EA can safely and effectively promote gastrointestinal function rehabilitation in postoperative patients with gastric cancer, whose mechanism may be associated with higher tension in the vagus nerve, affected by EA.

Keywords: Gastric cancer, Postoperative gastric dysfunction, Electroacupuncture, Gastrointestinal functional recovery, HRV, Long-term HRV monitoring, POI


Gastric cancer is one of the most common malignant tumors, whose incidence increases annually, and currently, the most effective treatment is surgery.1 Postoperative ileus (POI) frequently occurs in postoperative patients with gastric cancer2 with characteristic gastrointestinal dysfunction symptoms such as nausea and vomiting, abdominal distension and pain, inability to tolerate diet, difficulty in defecation, and weakened or absent bowel sounds. The occurrence of POI results from the synergistic effects of multiple factors, including autonomic nervous system disorders, gastrointestinal stress, inflammatory reactions, and pharmacological effects. Studies3 indicate that risk factors include history of abdominal surgery, type and duration of gastric surgery, degree of abdominal adhesion, postoperative history of opioid use, tumor, node, metastasis (TNM) period of the tumor, and postoperative blood transfusion. Since the continuous progress of POI prolongs patients’ hospitalization time, increases hospitalization costs, and even affects prognosis, accelerating the recovery of postoperative gastrointestinal function is a focus of attention after gastric cancer surgery.

There have been no clear prevention and treatment measures for POI yet. Pharmacological therapy and nonpharmacological therapy are two main methods in present clinical practice. Although pharmacological therapy has been demonstrated to be effective, the incidence of adverse reactions can be relatively high. Nonpharmacological treatments, including chewing gum, minimally invasive surgery, and enhanced recovery after surgery (ERAS) measures, have only limited effectiveness in preventing and treating POI. At present, the research on prevention and control of POI has reached a bottleneck. Hence, a complementary therapy, which can prove to have high potential for suppressing the development of POI, is urgently needed. Acupuncture therapy has been applied in China for thousands of years and has been receiving increasing attention worldwide over the past few decades. Acupuncture has the advantage of bidirectional regulation, exerting a regulatory effect on gastrointestinal motility through a complex neuro-endocrine-immune network.4 It also has the merits of fewer adverse side effects, high safety, and easy operation. Acupuncture, especially EA, can shorten flatus, defecation time, and hospitalization time of patients with POI after abdominal surgery and promote the recovery of gastrointestinal function.5 Therefore, EA can be an essential method to prevent the occurrence and contain the progress of POI.
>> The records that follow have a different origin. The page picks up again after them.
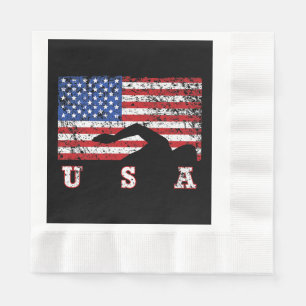 Amerikaanse vlag Zwemmen USA Cadeau Zwemteam Premi Servet
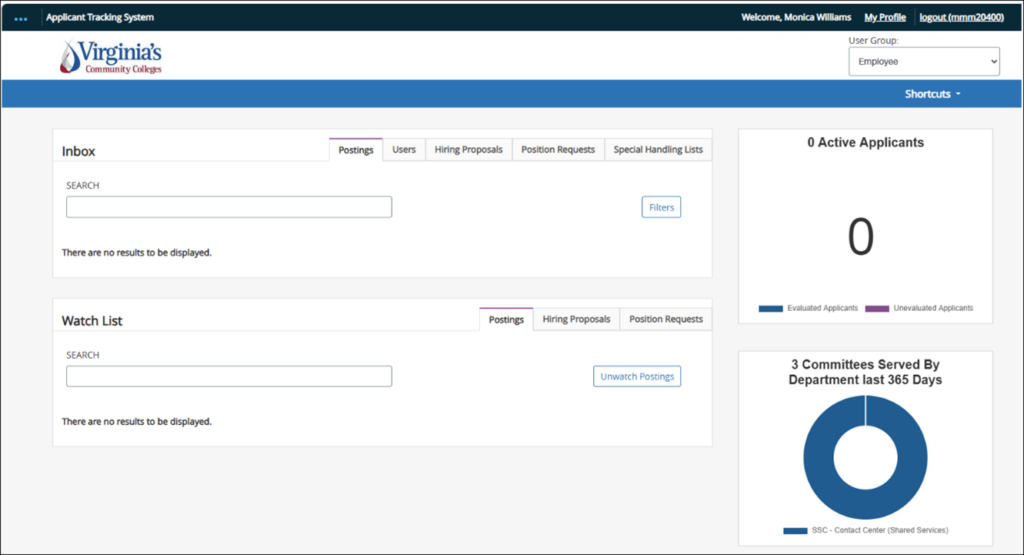 3 Screenshot of an applicant tracking system dashboard for Virginia's Community Colleges showing no active applicants or watch list entries. The interface includes tabs for postings, users, hiring proposals, position requests, and special handling lists, with a pie chart indicating 3 committees served by department in the last 365 days.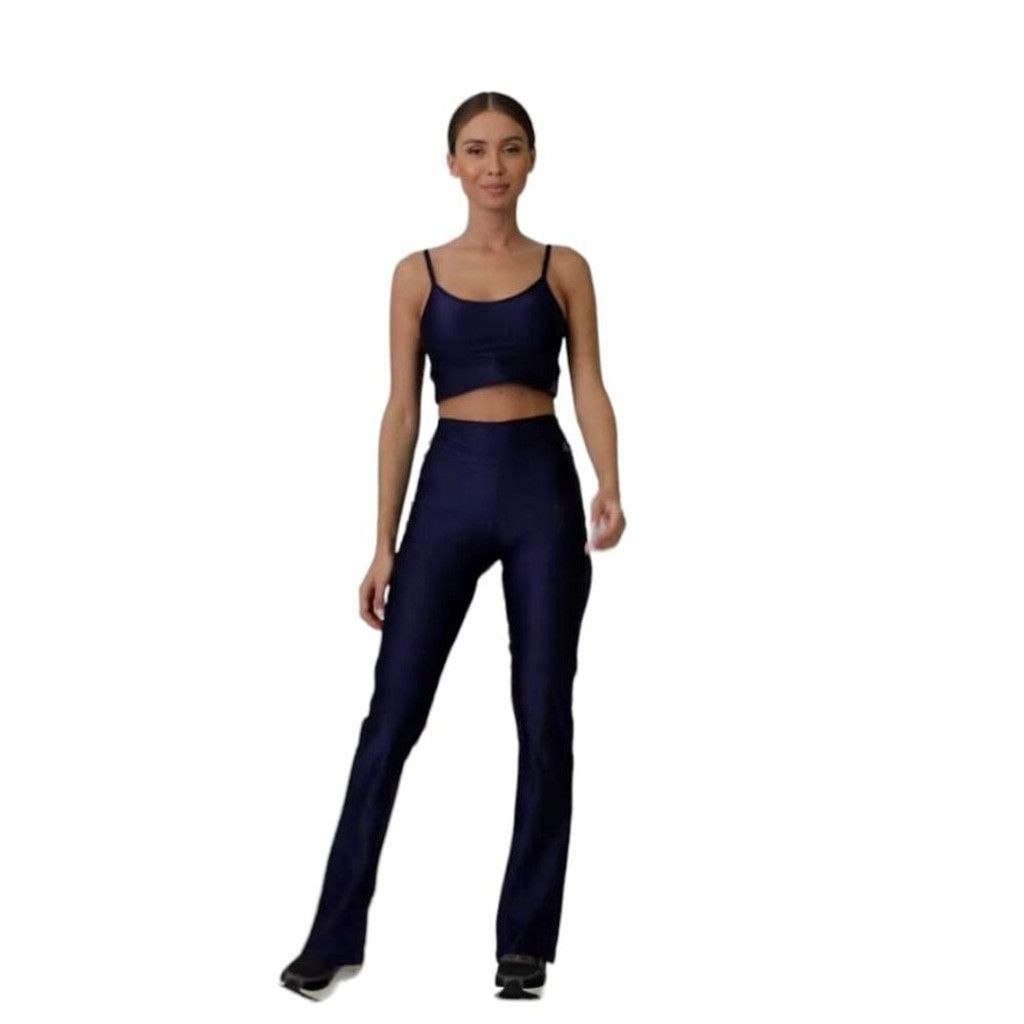 Other Cajubrasil Size M High Waist Flare Leggings Navy Blue New Size 34" / US 12 / IT 48 - 1 Thumbnail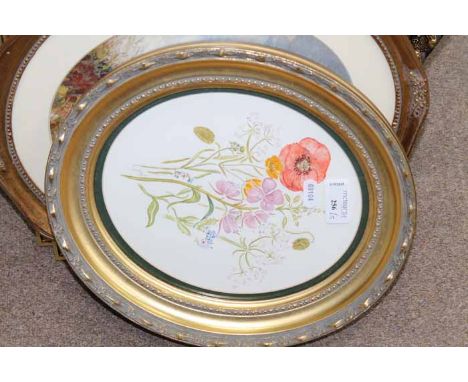 THREE CIRCULAR FRAMED PICTURES
including a watercolour by J Warburton, and two other prints (5)
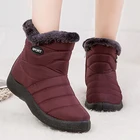 Женские теплые ботинки на танкетке, водонепроницаемые короткие ботинки с мехом, большие размеры, зимняя обувь, 2020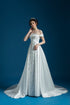 Off shoulder satin wedding dress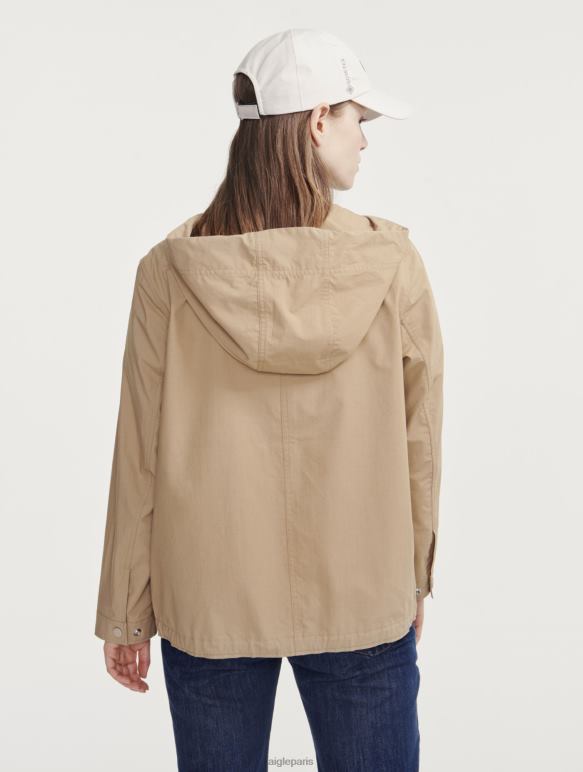 femmes osier je Aigle parka courte à capuche gros grain vêtements 2F486477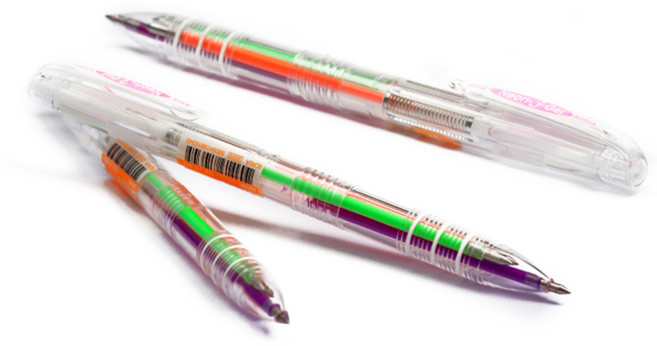 자바펜 네온 3겔 다색펜 0.5mm, 주황 + 연두 + 보라, 3개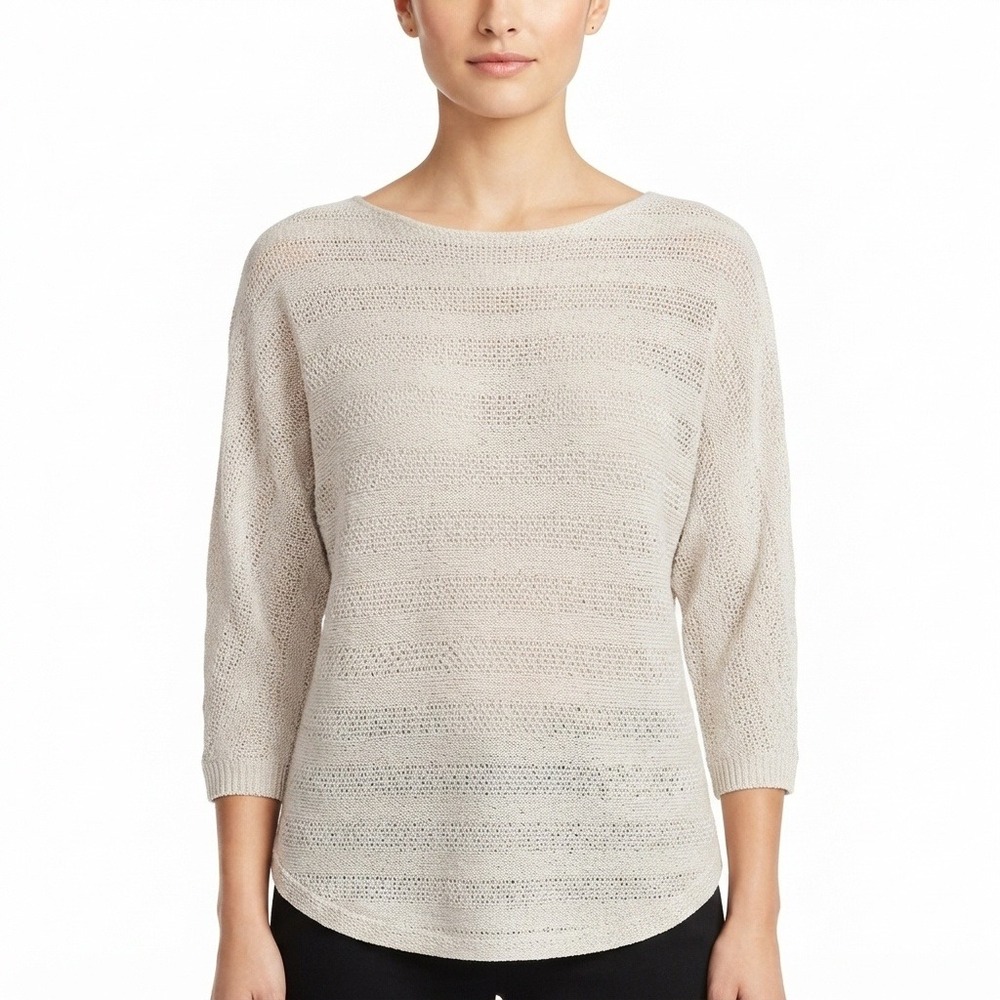 Tahari 100% Linen Sweater Womens XS Beige Boat Neck 3/4‎ Sleeve Knit Top Oatmeal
The autonomic nervous system is composed of the sympathetic nervous system and the parasympathetic nervous system (vagus nerve), which plays an important role through mutual antagonism in regulating gastrointestinal movement, maintaining dynamic balance between the internal and external environment, and servicing normal life activities. When gastrointestinal dysfunction occurs, it can be observed that vagus nerve activity is restricted and autonomic nervous system is dysfunctional.6 Therefore, the mechanism of EA treatment for POI may be related to the upregulation of vagus nerve activity. This study applied artificial intelligence monitoring devices (wearable dynamic electrocardiogram recorder and continuous bowel sound auscultation recorder) to clinically observe the effect of EA on postoperative intestinal function recovery in postoperative patients. Through long-term analysis of dynamic, visual, and digital multi-data, the effectiveness and safety of EA for POI was clarified.

Patients and Methods

This is a single-center, two-arm, parallel, single blind, randomized controlled trial. It was designed in accordance with the Declaration of Helsinki and the ethical principles of the International Conference on Harmonization-Good Clinical Practice. The ethics protocol was approved by the Medical Ethics Committee of the Affiliated Hospital of Nanjing University of Chinese Medicine (2021NL-053-03). Written informed consent was signed by the patients and the researchers. Data were collected, analyzed, and reported according to the Consolidated Standards of Reporting Trials (CONSORT) statement.7 The trial was retrospectively registered at Clinicaltrials.gov (ChiCTR2100050660). No important change was made during the implementation stage. If there had been a clear difference in the effects of different interventions in the early stage of the trial, the trial would have been terminated early for ethical reasons.

Inclusion Criteria

Patients with gastric cancer who received laparoscopic radical resection and who were admitted to the Department of General Surgery of Affiliated Hospital of Nanjing University of Chinese Medicine were selected from September 2022 to June 2024. There was no gender limitation.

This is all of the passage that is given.